So now I have a nice set of 30 rejection letters. (One paper actually accepted me and a handful of others haven't gotten around to rejecting me yet.) I think that constitutes a scientific sample. I have sorted the letters into three categories into which all – yes, all – the rejection letters fit. 1. The postcard. They're not making any bones about the fact that they couldn't care less about you. They are in effect saying that you are so worthless that they wouldn't even spend 32 cents on you. But at least they are honest and direct.
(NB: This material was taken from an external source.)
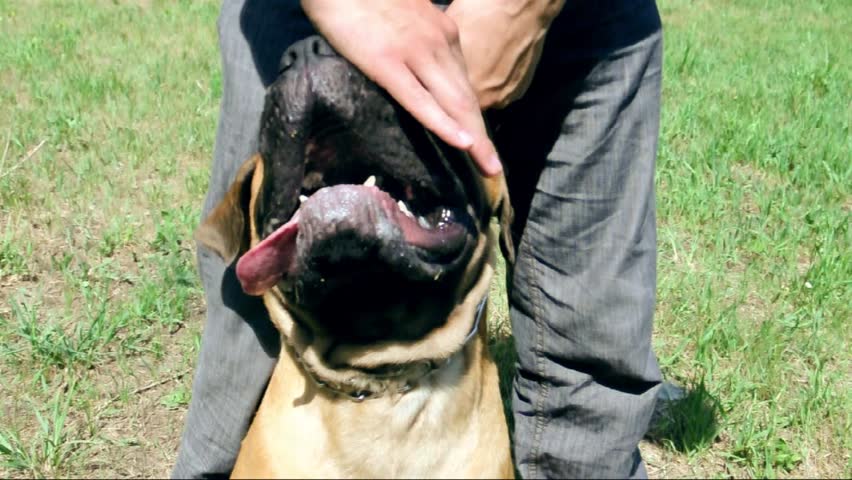playful dog bullmastiff. face close up. man hands played with a puppy face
A taste: "Dear Internship Applicant: We regret to inform you that you were not among the interns chosen for this summer. The Editors." 2. The form letter. This one comes in an envelope, giving you a precious 15 seconds to speculate about all the different things it could say inside. But you already know it's not good news – the old thin-envelope, thick-envelope test still applies in college – and once you've received one or two, you also know how they're going to tell you to scram. There is apparently only one person in the United States who writes rejection letters for newspapers every year. (How'd he get that job?)
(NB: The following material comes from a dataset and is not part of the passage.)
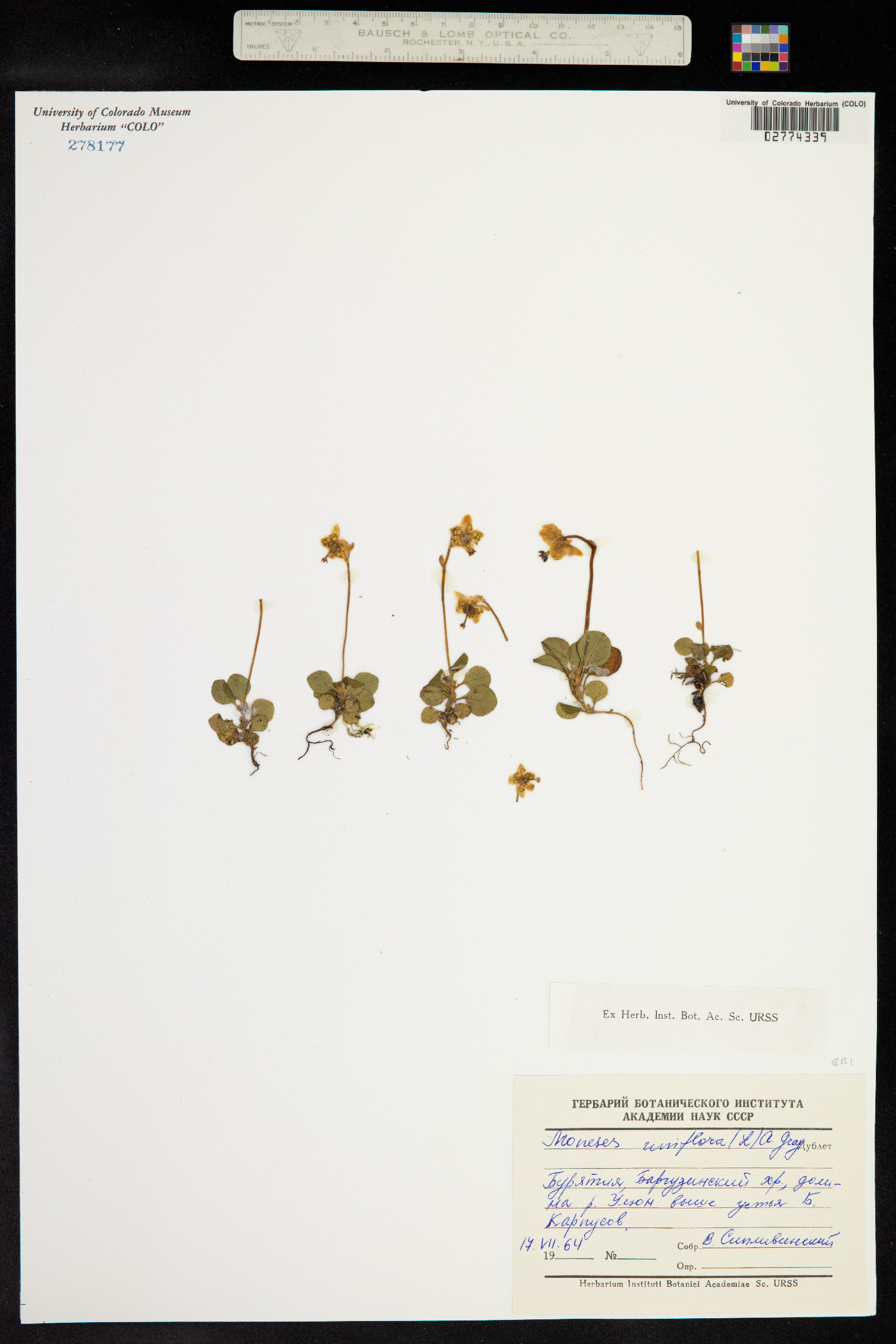 Moneses uniflora image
The text: (On photocopied letterhead.) "Dear Richard (first clue they don't know who I am – nobody calls me Richard, not even my mother): Thank you for your interest in the summer internship program at (fill in the blank). We received (x) applications for (x divided by 100) slots. Unfortunately, we are unable to offer you a position. If you are eligible to apply next year, we encourage you to do so. Otherwise, best of luck in the future. Sincerely, (stamped signature)." 3. The form letter, with a personal touch. This is for the recruiting directors who feel bad about form letters. They therefore send form letters with their actual ink (or their secretaries' ink) on the page, and occasionally add a word of encouragement, like "Sorry!" or "Maybe next year!" Some are apologetic in the text of the letter. Something like, "we would have liked to have hired you, but this year's outstanding crop of applicants meant we had to turn away some highly qualified people. Best of luck in the future." Touching, until you realize that everyone got the same letter, even that guy who applied with clips from his high-school newspaper and six typos in his cover letter.

Maybe I was applying for the wrong job. Maybe what these papers really need is someone to handle the bushels of mail that require them to send badly produced form letters to all who deign apply. In any case, it's a shame I can't apply again next year. I've already worked on a draft of my cover letter:

"Dear Newspaper Editor: I have applied to your newspaper because you are a newspaper, not because I have any particular interest in working for you. I sent out 39 letters identical to this one to other newspapers. I challenge you to spend less time looking at my application than I took preparing it. Sincerely, Internship Applicant."